"The CERT Coordination Center is a center of Internet security expertise", and they have a new product to sell you. Only it isn't really new - and it was never a stellar product to begin with.
For years, CERT has been a federally funded group handling incident response, vulnerability analysis and published security alerts. They are perhaps the most well known for their advisories which enjoy a wide distribution.
Many in the security community dismiss the CERT advisories as either old news or too vague to be of any practical use. The two major faults continually seen in their work are tardiness and complete lack of detail.
CERT advisories often come weeks or months after the information has been made public in other forums such as Bugtraq or mainstream news outlets. For those in the security field who keep an eye on both sides of the fence, the notion that CERT provides useful information is a bigger joke. There have been many cases where vulnerabilities with working exploit code circulated in both underground and public security circles for months (in a few cases, years) before CERT responded with an advisory. This was seen with various Solaris RPC exploits, multivendor POP/IMAP exploits, and more recently with WU-FTP exploits. While some hackers are abusing these vulnerabiltiies and compromising a wide variety of hosts, CERT is often not aware of the vulnerability until they begin to correlate incident reports.
Worse, when CERT finally manages to release an advisory, it is vague and offers no technical details about the vulnerability. This prevents some administrators from being able to mitigate the risk with an effecient and effective solution. Essentially, it forces administrators to make drastic changes to their network, break necessary functionality, wait for a patch that may be weeks away, or audit tens of thousands of lines of source code to find out exactly where the problem is and if it truly affects them. Administrators are further burdened with trying to convince management or developers of the necessity for downtime without any facts to justify it.
Simple and straightforward. In their own words:
"The CERT/CC is a major reporting center for Internet security problems. Staff members provide technical assistance and coordinate responses to security compromises, identify trends in intruder activity, work with other security experts to identify solutions to security problems, and disseminate information to the broad community. The CERT/CC also analyzes product vulnerabilities, publishes technical documents, and presents training courses."
In order to examine and report on computer intrusion and security incidents, you have to have knowledge of them. The bigger your dataset (reported incidents) is, the better the analysis should be. For a body such as CERT, receiving any report of computer security incident benefits them.
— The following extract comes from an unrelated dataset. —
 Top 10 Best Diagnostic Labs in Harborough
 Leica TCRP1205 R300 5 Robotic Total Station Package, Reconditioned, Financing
In the process of running a mirror that archives and records defaced web sites (a computer security incident), we took it upon ourselves to notify CERT of the intrusions as we learned about them. As we take a mirror of a defaced site, we send mail to CERT to let them know the site that has been compromised with the same information that is sent to our defaced-l mailing list.
In response to our mail, they politely asked us NOT to report such incidents to them. Only after quoting their posted mission statement and questioning such an action did they finally agree to receive our mail.
CERT asks us to stop sending incident reports
I question their mail
I quote their web page and ask for clarification
CERT responds and changes their stance
Original Article: http://interactive.wsj.com/articles/SB987631116473064994.htm
Better copy: http://www.msnbc.com/news/561513.asp
Government's CERT Plans to Sell Early Warnings on Web Threats By TED BRIDIS and GLENN SIMPSON WASHINGTON -- One of the U.S. government's front-line defenses against cyber-sabotage will begin selling its early warnings about the latest Internet threats, something it used to share only with federal agencies. The shift comes as the taxpayer-funded CERT Coordination Center, formerly known as the Computer Emergency Response Team, joins a prominent electronics trade association to form a new "Internet Security Alliance." The effort, to be announced here Thursday, would distribute up-to-the-minute warnings to international corporations about cyber-threats, offer security advice and ultimately establish a seal program to certify the security of companies' computer networks. Companies would pay $2,500 to $70,000 annually, depending on their revenue, and in exchange would receive warnings about new Internet threats generally 45 days before anyone else. [snip..]
Under its new agreement, CERT would continue to provide those early confidential warnings to the Defense Department and the General Services Administration, but also would offer them to alliance members. CERT would continue to issue its free, public alerts after 45 days -- a practice that has drawn criticism because of the imposed delay.
Security is a game of windows; windows based on time. The window begins when a vulnerability is found and an exploit created, and ends for a given person/system when it is patched and resolved. CERT has consistantly demonstrated they enter the picture long after a vulnerability is discovered, even if made public on Bugtraq or another forum. Offering their advisories at the end of the window, typically at the same time as the vendor or third party is releasing theirs.
That in mind, consider what they are selling now: already dated information that is almost always public in some other fashion or forum. Unless CERT overhauls their advisories and provides more information, customers will receive belated vague details of a vulnerability the bad guys have known about for months and which might affect their network, with little or no practical information as to how to effectively guard against it.